Magazine Feature / People

Alums help overnighters travel back in time

Jim and Diane Peiker

Jim and Diane Peiker turned a run-down mansion in Denver’s City Park West neighborhood into the Castle Marne Bed and Breakfast. Photo By: Wayne Armstrong.

Just as the castles of yore protected their inhabitants from enemies, Castle Marne protects its guests from the hectic, technology-tweaked pace of modern life. There are no cell phones ringing here, no televisions blaring, no computer cursors blinking, begging you to type about what’s on your mind. 

There’s a grandfather clock softly chiming the hours, aging photos and knickknacks inviting your unhurried perusal, thick walls blocking out the noise of the traffic outside, and a jigsaw puzzle in the sunlit tower where guests can while away an afternoon matching colors and shapes — no high-speed connection or electrical outlet needed.

“We wanted to take the house back to the way it was and really create a storied experience for folks who come to stay,” says Jim Peiker (BSBA ’57), who bought the dilapidated 1889 building in Denver’s City Park West neighborhood in 1988 and spent five months turning it into a bed and breakfast focused on the way things used to be.

Peiker and his wife, Diane (BA ’57), run the B&B with their daughter, Melissa, son-in-law, Louie, and three grandchildren, ages 11, 14 and 15. Jim and Diane live in a carriage house right behind the castle; Melissa, Louie and the grandkids live six blocks away.

“Everybody cooks, everybody cleans, everybody does all of the jobs,” Peiker says. “It’s a three-generation family business.”

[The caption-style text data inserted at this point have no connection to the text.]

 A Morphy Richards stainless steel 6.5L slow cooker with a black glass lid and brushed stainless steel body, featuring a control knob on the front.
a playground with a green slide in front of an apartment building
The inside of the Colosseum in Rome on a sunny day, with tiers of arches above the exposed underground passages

The inn has stayed in the DU family as well: The Peikers regularly host DU-related visitors, from job candidates to prospective students to parents and grandparents of current students. In addition to their overnight guests the family also hosts weddings, birthday parties and tea parties in its historic mansion.

It was in another American recession that the Peikers first hatched the dream of owning their own bed and breakfast.

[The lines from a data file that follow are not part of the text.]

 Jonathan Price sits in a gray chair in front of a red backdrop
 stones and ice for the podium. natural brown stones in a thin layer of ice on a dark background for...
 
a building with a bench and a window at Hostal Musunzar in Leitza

“My daughter and I were both out of work — this was ’87, ’88 — quite literally we were standing in the unemployment line,” Peiker says. “We looked at each other and said, ‘There’s got to be something better than this.’”

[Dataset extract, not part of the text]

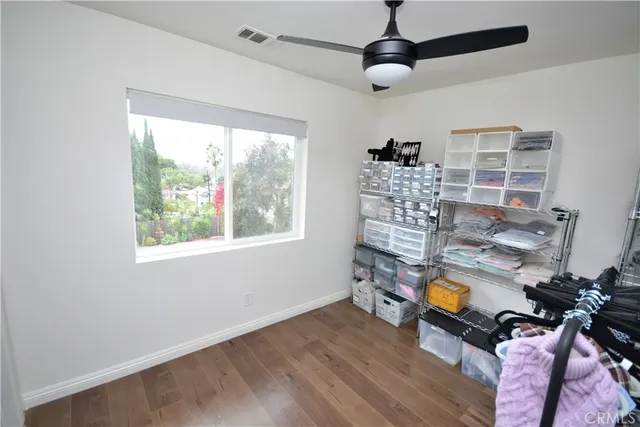 a room with chandelier fan and windows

They looked into restaurants, bars and copy centers, but they kept coming back to the bed-and-breakfast concept. And once they discovered the Castle Marne — which they glimpsed from across the street while checking out another B&B that was for sale — they were hooked. It took six months to pull the financing together and almost as long to renovate the place, but the Peikers imbued the castle with an old-timey charm that keeps visitors coming back. As one reviewer on www.tripadvisor.com wrote, “My wife and I have been escaping to the Castle Marne for nine years now. Each time, we come away refreshed and looking forward to our next escape. When you walk through the door, you are transported to a magical time in Colorado history.”

That’s no accident — Jim spent years researching the history of the place, tracing its ownership back to prominent owners such as Col. James Platt, the namesake of Platt Park, and John Mason, founder of the Colorado Museum of Natural History (now the Denver Museum of Nature and Science).

But for Jim Peiker, the real magic of the Castle Marne is the community it creates. Strangers around a breakfast table often become friends, he says, and the couple has seen many of the same faces coming back to stay, year after year. Recently two women from a heli-skiing company in Calgary came to Denver to shop for outdoor gear and struck up a friendship with the Peikers’ 11-year-old granddaughter, Elizabeth.

“The next morning at breakfast, one of the women said, ‘I’m doing a slide presentation at this sporting goods store on my four ascensions of Mount Everest. I wonder if Lizzy’s class at school would be interested in this,’” Peiker says. “[She said] ‘I could take time at the end of the trip and I can go out and make the presentation at her school,’ which she did — and it was wonderful. It’s these sorts of things that happen here. The connections.”

The store at which the women were shopping for gear? It was Outdoor Divas, co-owned by Alysia Kline (MS finance ’04, MBA ’04).

“I joke about the whole concept of six degrees of separation; around here we only have about three,” Peiker says. “It’s fascinating the way that everything fits together.”